Reading parts of The Puzzle Box again. Wish I could have read with this sort of understanding while Paul Squires, the poet of Gingatao, was still living. Read just now the Tiger Meditation near the end. I had felt something very similar only it was the spider in the web waiting in poised stillness that I felt, a spider that would always be waiting, alway just before the moment it seizes the bug, the moment just prior. Strange too it was the spider because I’m afraid of them, yet that’s where I saw it most clearly — in the beautiful orb of the spider (and her descendants) that have built on the porch summer after summer.
The Tiger Meditation
One night when I was becoming increasingly frustrated with a Scott Joplin waltz that just wouldn’t swing she appeared beside the piano having just despatched some troublemaker and told me this story. I went in search of the earliest religious rite that is still actively practised and I came across this along the way. Imagine you are the top predator in your area, in this case , a tiger. But you are not a hungry, angry tiger. You are a satisfied, content tiger asleep, yet tiger-like, still somehow alert. Asleep in a tree on a branch which overlooks the only path to the only water for miles around and it is a hot, dry afternoon. Asleep but aware, alert for the first trace of scent or snap of twig, the first vibration of the approaching, thirsty weary creature in need of a cool drink. And in that moment just before the first trace, immediately prior to the first vibration and alive to its inevitability, in that moment remaining. And looked back over her shoulder as she swung and waltzed away.
— Paul Squires, The Puzzle Box
The spider’s web is the work of art or is the fabric of consciousness, is the sense of the self existing, having identity, knowing oneself as an “I” — or as Paul might say an i.
I understood it prosaically, but got the message too — and from the source (was the spider taught me).
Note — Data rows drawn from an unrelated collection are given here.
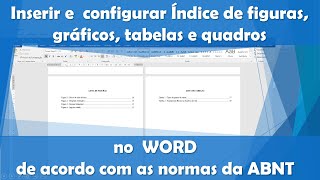 P6  Inserir Lista de Figuras  Lista de Tabelas  Lista de Quadros no Word  ABNT  TCC monografia [upl. by Lucais]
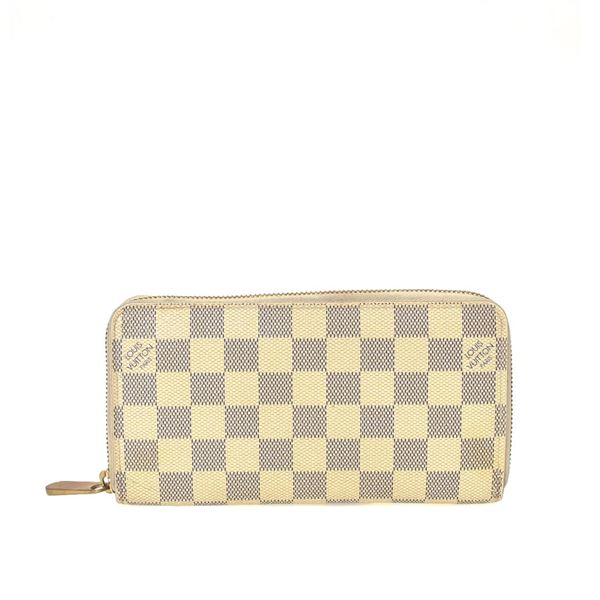 Louis Vuitton Damier Azur Canvas Leather Zippy Wallet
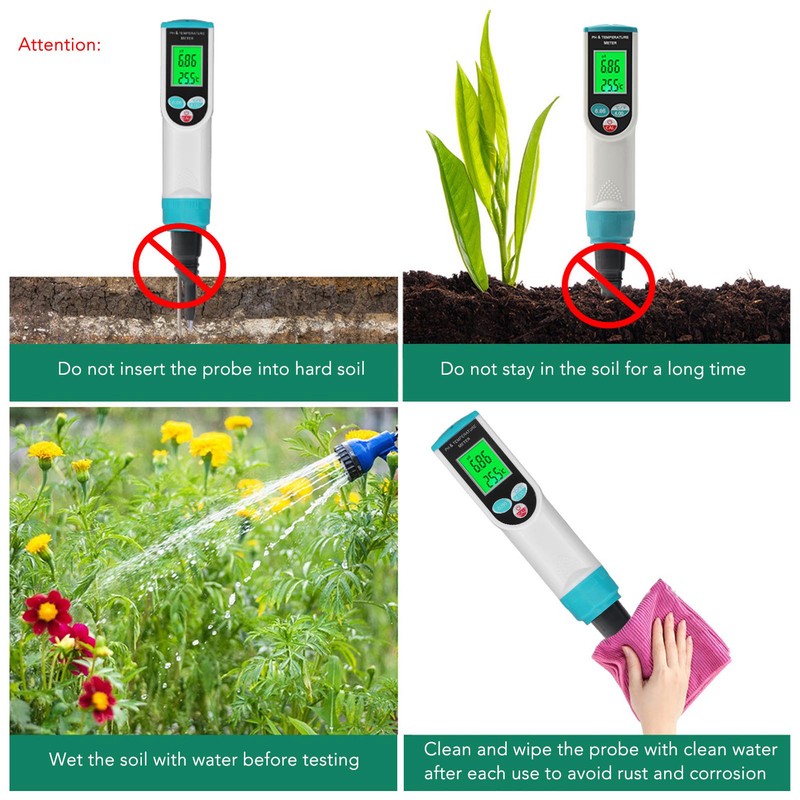 2 In 1 Soil PH Temperature Meter Soil Tester for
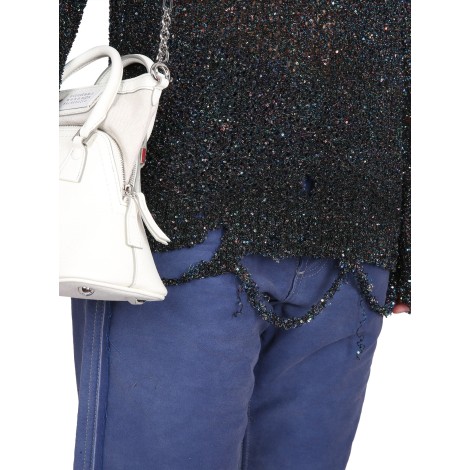 maison margiela sequined battered knit sweatshirt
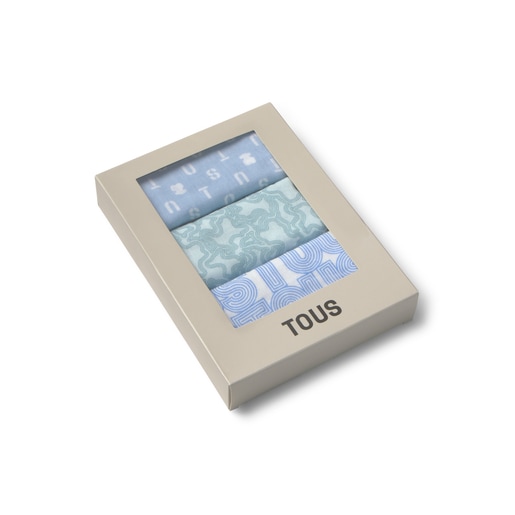 Tous Pack Of 3 Muslins In MMuse Sky Blue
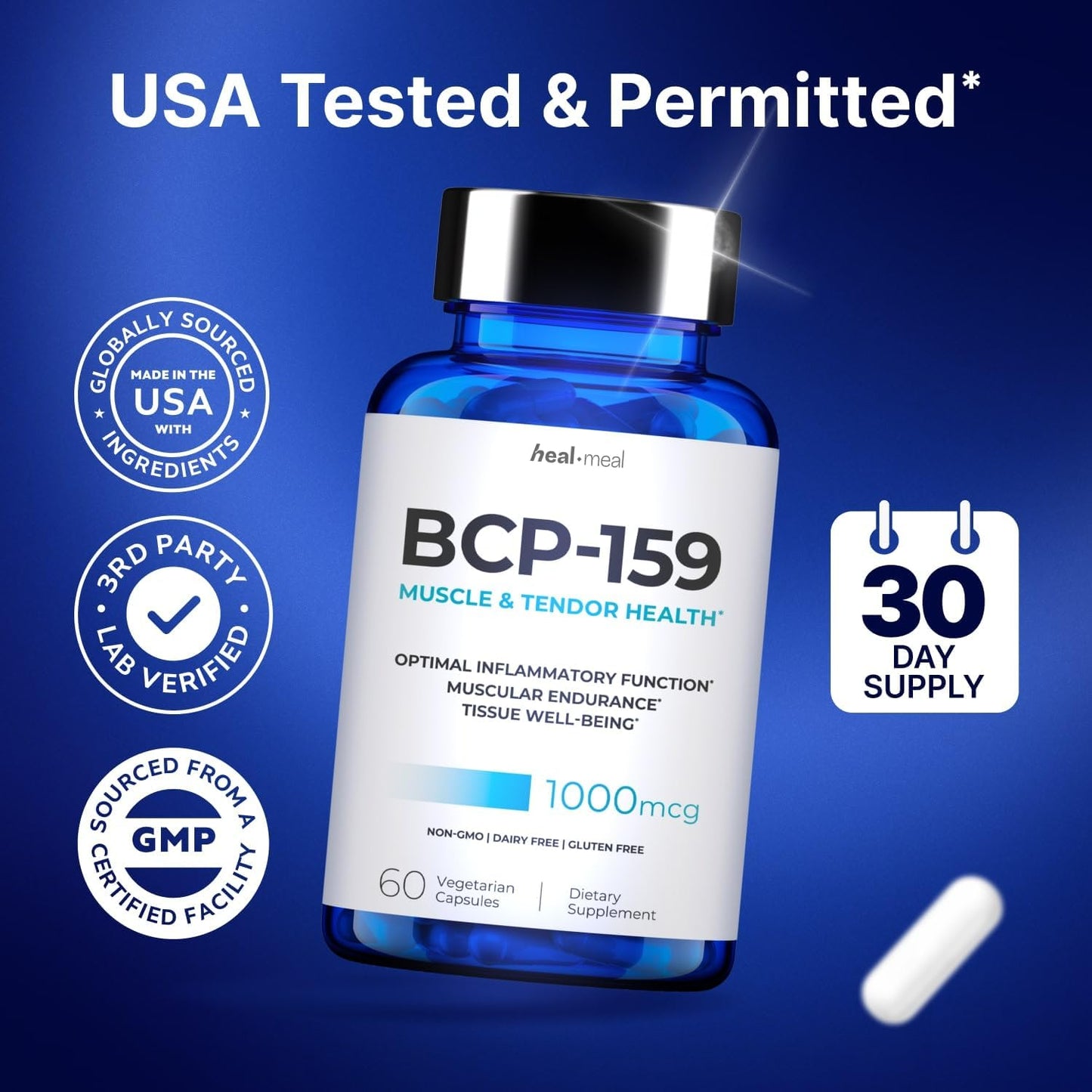 Premium Quality HealMeal BCP-159 Capsules for Muscle Recovery & Post Workout Support - High Potency Formula Made in USA | 60 Capsules, 1000 mcg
Just a different animal.
When your eye focuses on the web, the world beyond and around it is blurry. When your eyes are focused on the world, you miss seeing the web with the spider in it.
The tiger is a strong meditation, the spider a small one — abstract, theoretically, without emotion, more naturally machine-like, emptier, compact, quick, easy to disappear, ultimately spiders hide and are hidden, they are more anonymous, small black or bright ball with legs, with most spiders the venon is harmless.
Paul was more a tiger, whereas I have wanted to weave and hide unseen, in invisible orb web, but sticky and catches things, flying things, winged flying things.